• [Task to carry out]
Please return only the lines from the one holding "2016 Delta Air" through the one holding "Thumbnail Al Baraka", exactly as they appear in the records below, both ends included.

• [Data supplied]
————

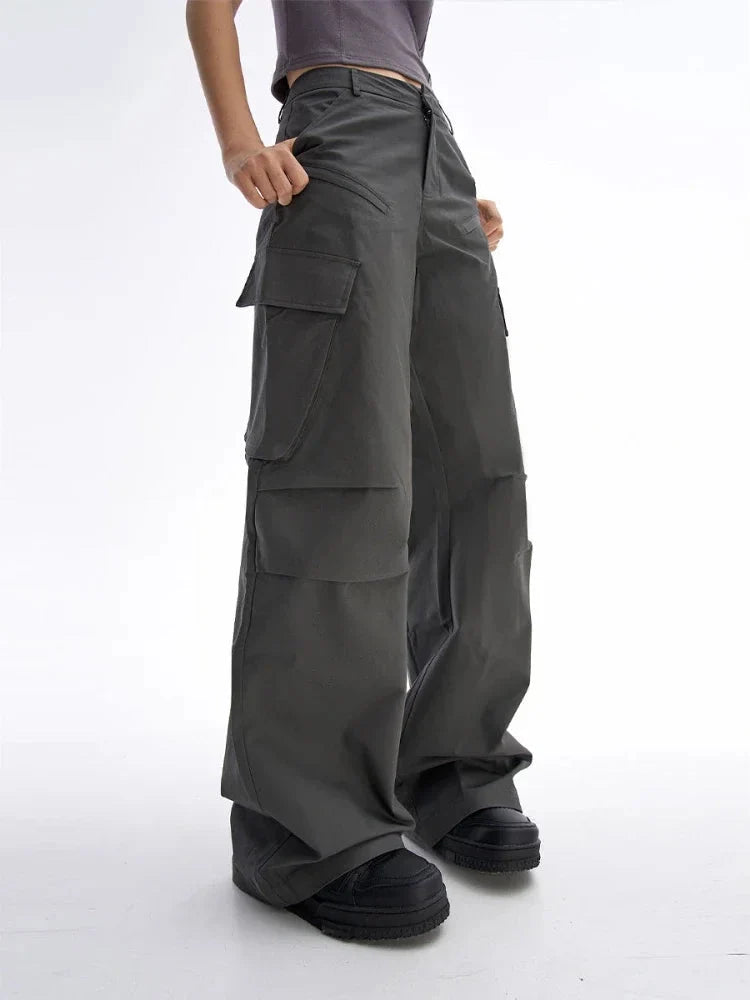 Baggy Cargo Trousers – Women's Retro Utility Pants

————

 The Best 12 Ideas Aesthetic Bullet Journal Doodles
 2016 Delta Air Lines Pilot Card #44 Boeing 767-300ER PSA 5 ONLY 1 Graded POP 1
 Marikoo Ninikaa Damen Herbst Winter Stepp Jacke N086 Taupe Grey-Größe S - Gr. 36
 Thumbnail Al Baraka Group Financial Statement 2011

————

• [Response box]
 2016 Delta Air Lines Pilot Card #44 Boeing 767-300ER PSA 5 ONLY 1 Graded POP 1
 Marikoo Ninikaa Damen Herbst Winter Stepp Jacke N086 Taupe Grey-Größe S - Gr. 36
 Thumbnail Al Baraka Group Financial Statement 2011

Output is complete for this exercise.